Statistical analyses for age (juvenile/adult) were performed separately. We analysed male and female data together in the same analysis for all experiments (with the exception of pre-weaning weights where rats were weighed as whole litter units) to identify whether there were differences between the sexes. Pre-weaning body weights were compared between CL and SL rats using a one-way analysis of variance (ANOVA) with repeated measures, with litter size as the between factor and time as the repeated measure. When a significant interaction was found between litter size and time, Student's unpaired t-tests were performed for each time point. Individual rat weights and nasal-anal lengths were used to calculate a rat body mass index (rBMI) using the formula weight (g)/length (cm)2 [27]. This rBMI gives an indication of the rat's relative weight, allowing us to discount the possibility of an accelerated overall growth. Adult weights were recorded at P63 before we conducted any surgeries or changed any housing conditions. Adult weights, rBMIs, fat pad to body weight ratios, DEXA results, leptin concentrations, and UCP1 to actin ratios were compared between CL and SL and males and females using two way analyses of variance (ANOVAs) followed, where appropriate by Student Neumann-Keuls post hoc tests.
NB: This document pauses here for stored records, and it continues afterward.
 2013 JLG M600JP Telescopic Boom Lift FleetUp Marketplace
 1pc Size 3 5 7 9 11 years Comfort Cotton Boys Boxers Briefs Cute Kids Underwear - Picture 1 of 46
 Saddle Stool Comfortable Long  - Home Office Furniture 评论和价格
Food intake, water intake, energy expenditure, physical activity, oxygen consumption and carbon dioxide production were recorded every 30 min, the two latter measurements allowing us to calculate the respiratory exchange ratio (VCO2/VO2). Cumulative data for the mean 12 hr light and dark periods were compared separately using linear regression analyses. Recent discussion in the field has detailed concern that expressing absolute energy expenditure per animal fails to account for differences in overall size and correcting for total or lean mass fails to allow that metabolic rate is not linearly proportional to body weight [28]. For these reasons we used regression analysis controlling for the influence of total body weight to compare energy expenditure. As we found no influence of body weight on the groups, we have also represented the data in a histogram of mean absolute energy expenditures for comparison purposes.
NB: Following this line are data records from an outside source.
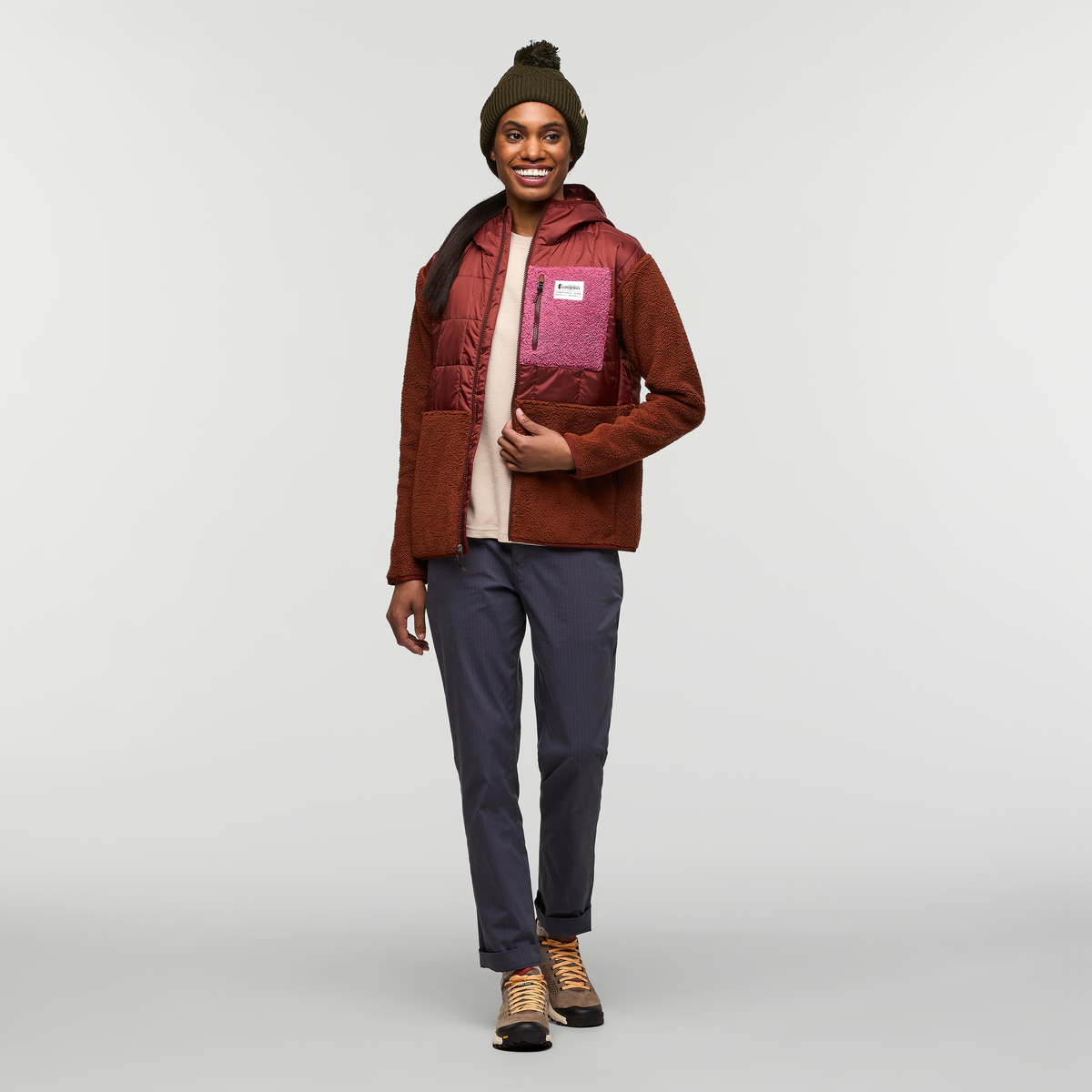 Alternative view of Trico Hybrid Jacket   Women's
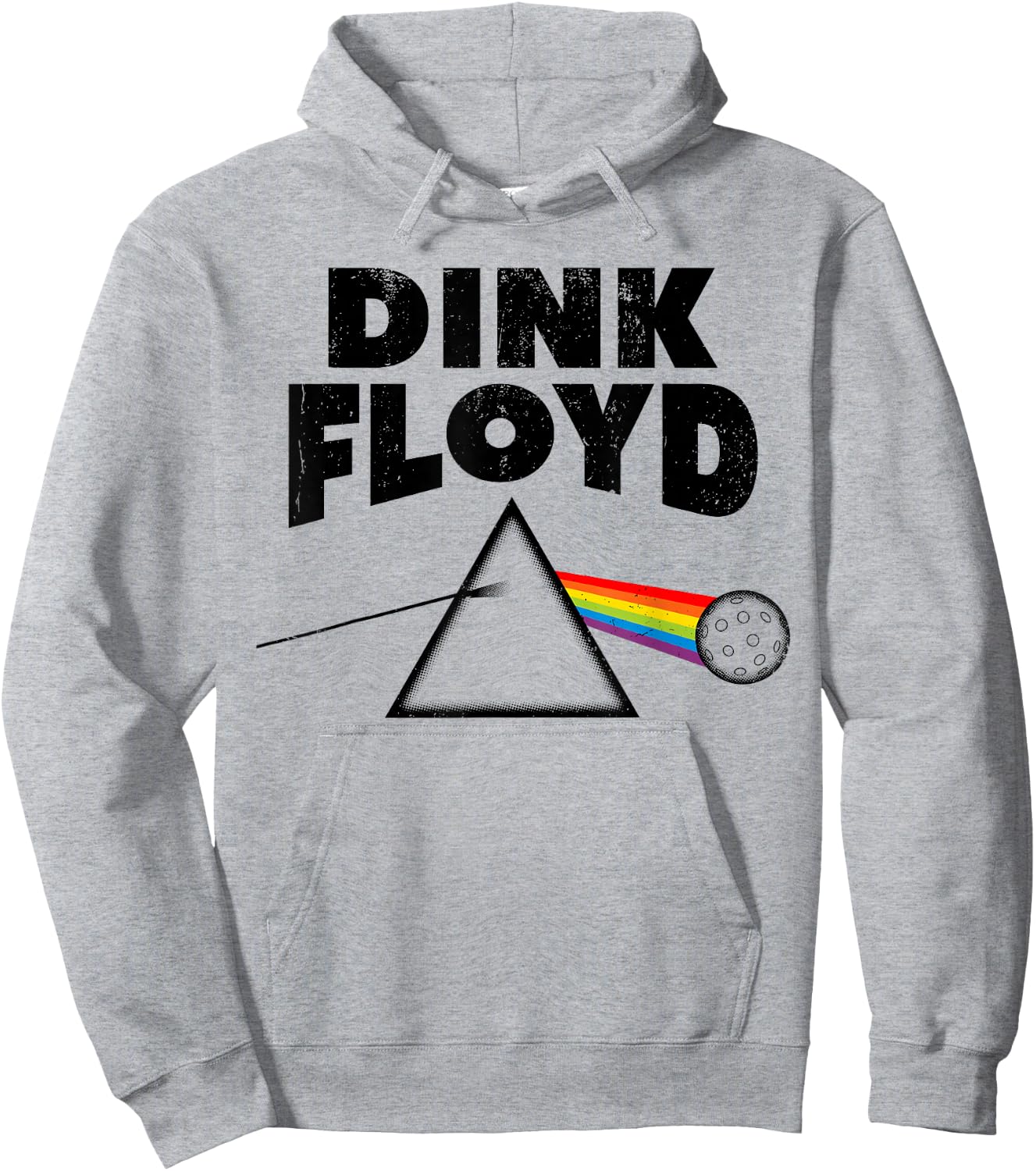 Dink Pickleball Player Sport Lover Women Funny Hoodie - Hoodie | Ash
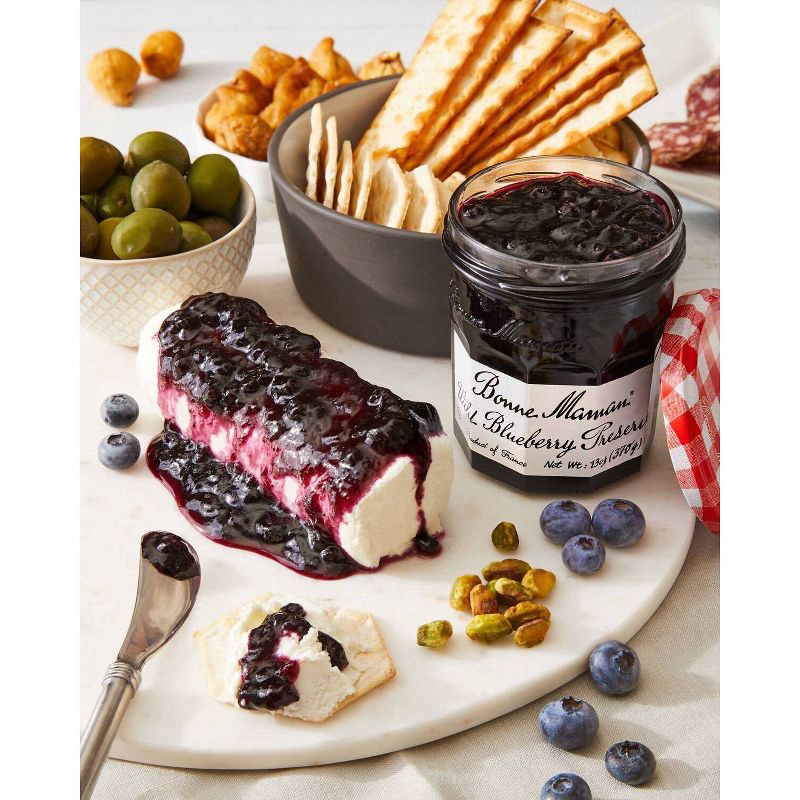 slide 3 of 3, Bonne Maman Wild Blueberry Preserves - 13oz, 13 oz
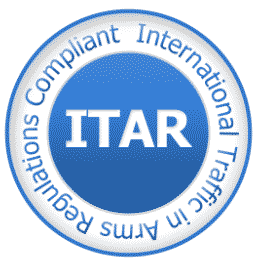 ITAR certification logo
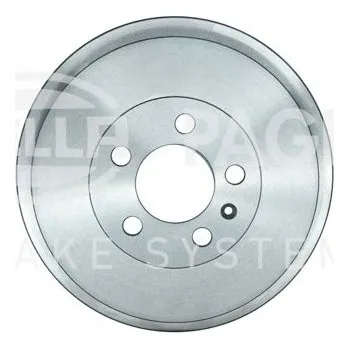 Brzdový buben HELLA PAGID Brzdový buben 8DT 355 303-081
Temperature data were used to derive a temperature index (°C x hr) for each 6 hr period of the light/dark cycle. Thus, the temperatures at each 5 min interval were averaged over the first 30 min to calculate a baseline for each 6 hr period. The mean change from this baseline was then calculated per hour for each animal and these data summed as appropriate to produce an ‘area under the curve’ value (temperature index) for both the core and BAT. Temperature indices were then compared for each 6 hr period using ANOVAs with Student Neumann-Keuls post hoc tests.

All data were assessed for homogeneity of variance and transformations applied where appropriate. Data presented as ratios were not transformed. Data are presented as the mean ± standard error of the mean (SEM). Statistical significance was assumed when P<0.05.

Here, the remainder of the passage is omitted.